Ieri l’Alta Corte di Giustizia presso il Coni ha infatti respinto i due ricorsi presentato dal club giallorosso contro la Figc, con cui chiedeva la riapertura delle curve Sud e Nord e la sospensione dell’obbligo di disputare la stessa gara con i Distinti chiusi. Non sono bastate le argomentazioni dell’ad Fenucci e dall’avvocato Conte unite al lungo reclamo. Ma un risultato lo hanno ottenuto: la stessa Corte presieduta dall’ex ministro Frattini ha disposto «la trasmissione della presente decisione alla Giunta Nazionale del CONI e, tramite la stessa, alla FIGC, per le valutazioni e determinazioni di competenza in ordine alla congruità e applicabilità della normativa sanzionatoria posta a base delle misure comminate».

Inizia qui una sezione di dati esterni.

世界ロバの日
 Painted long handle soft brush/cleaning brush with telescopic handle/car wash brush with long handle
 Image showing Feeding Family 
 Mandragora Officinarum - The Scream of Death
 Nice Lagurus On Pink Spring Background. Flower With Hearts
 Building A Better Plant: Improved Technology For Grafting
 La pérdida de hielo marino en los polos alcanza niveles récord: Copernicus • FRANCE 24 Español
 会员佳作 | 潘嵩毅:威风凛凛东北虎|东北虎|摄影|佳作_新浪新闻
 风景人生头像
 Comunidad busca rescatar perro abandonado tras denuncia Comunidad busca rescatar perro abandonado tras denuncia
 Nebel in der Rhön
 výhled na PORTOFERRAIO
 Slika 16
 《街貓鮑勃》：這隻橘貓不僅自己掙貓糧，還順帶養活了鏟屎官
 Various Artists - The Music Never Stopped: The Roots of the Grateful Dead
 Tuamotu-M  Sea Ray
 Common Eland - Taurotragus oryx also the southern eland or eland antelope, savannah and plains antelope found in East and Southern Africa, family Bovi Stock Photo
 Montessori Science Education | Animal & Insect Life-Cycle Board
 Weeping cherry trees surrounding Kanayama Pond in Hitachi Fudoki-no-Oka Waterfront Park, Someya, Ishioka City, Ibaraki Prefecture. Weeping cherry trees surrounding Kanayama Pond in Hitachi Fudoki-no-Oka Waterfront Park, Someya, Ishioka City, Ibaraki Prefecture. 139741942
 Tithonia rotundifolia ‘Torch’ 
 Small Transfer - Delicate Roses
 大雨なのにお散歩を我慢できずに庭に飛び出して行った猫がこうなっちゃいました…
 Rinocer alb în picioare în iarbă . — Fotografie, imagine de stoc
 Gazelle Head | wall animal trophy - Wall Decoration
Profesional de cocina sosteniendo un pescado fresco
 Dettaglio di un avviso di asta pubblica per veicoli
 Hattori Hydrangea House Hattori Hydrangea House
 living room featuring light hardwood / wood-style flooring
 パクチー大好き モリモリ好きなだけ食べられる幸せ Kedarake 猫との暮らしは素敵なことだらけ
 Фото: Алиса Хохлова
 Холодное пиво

Martedì prossimo si riunisce la giunta presieduta da Malagò che si è già espresso più volte in merito: il regolamento va rivisto perché così punisce anche i tifosi corretti. E svilisce ancor di più un calcio alla deriva. Ma la Roma intanto paga di nuovo per la terza volta in questo campionato. E la sua battaglia legale porterà vantaggi a tutti.
L’ultimo da convincere sembra Abete, il più «affezionato» al tema della discriminazione territoriale. «Appoggio le parole di De Sanctis, Totti e Garcia – spiega il presidente federale a margine di un’iniziativa al Museo Ebraico di Roma – quando c’è una norma, che sia o meno condivisibile, va rispettata. Si pone molta attenzione sulla regola, ma troppo poca sui comportamenti. La normativa è sempre in evoluzione, intanto noi abbiamo il dovere di ricordare quali sono i comportamenti da tenere negli stadi: non possiamo legittimare la libertà d’insulto».
Lo stesso Abete definisce poi «intollerabili» i vergognosi striscioni esposti durante il derby dagli juventini con ironia sulla tragedia di Superga. Così «intollerabili» che il club di Agnelli se l’è cavata con 25mila euro di multa. Il Giudice ha applicato lo «sconto» perché la società bianconera ha «concretamente operato con le Forze dell’ordine a fini preventivi e di vigilanza». Vero: hanno vigiliato talmente bene che di striscione non ne è entrato uno ma due. E l’efficiente Stadium, ci mancherebbe, resterà aperto nella prossima partita casalinga della Juve.
Il doppio della multa (50mila euro) se lo prende invece la Roma «per avere – si legge ancora nel dispositivo del Giudice Sportivo – un consistente gruppo di suoi sostenitori, prima dell’inizio della gara, verso le ore 20, tentato di abbattere, dall’interno e dall’esterno, un cancello attiguo ai tornelli d’ingresso allo stadio, scagliando tavolini e cassonetti contro le Forze dell’Ordine intervenute; per avere inoltre suoi sostenitori, nel corso della gara, lanciato quattro bengala nel settore occupato dai sostenitori della squadra avversaria e numerosi petardi e bengala sul terreno e nel recinto di giuoco». Peccato che quel cancello lo dovesse presidiare il Bologna, società ospitante, che si è limitata a mettere sul posto quattro steward. E nessuno di loro ha pensato di togliere di mezzo tavolini e cassonetti.
La Roma paga e conta i danni. Oltre ai 583mila euro di multe accumulati solo in questa stagione, ha dovuto rinviare l’apertura della prossima campagna abbonamenti in attesa che si calmino le acque. La gente non ne può più: i romanisti prometto di radunarsi sabato sotto la Figc al motto «#MoBasta» con gli arbitri pro-Juve e le sanzioni assurde. Così il calcio chiude. Non solo le curve.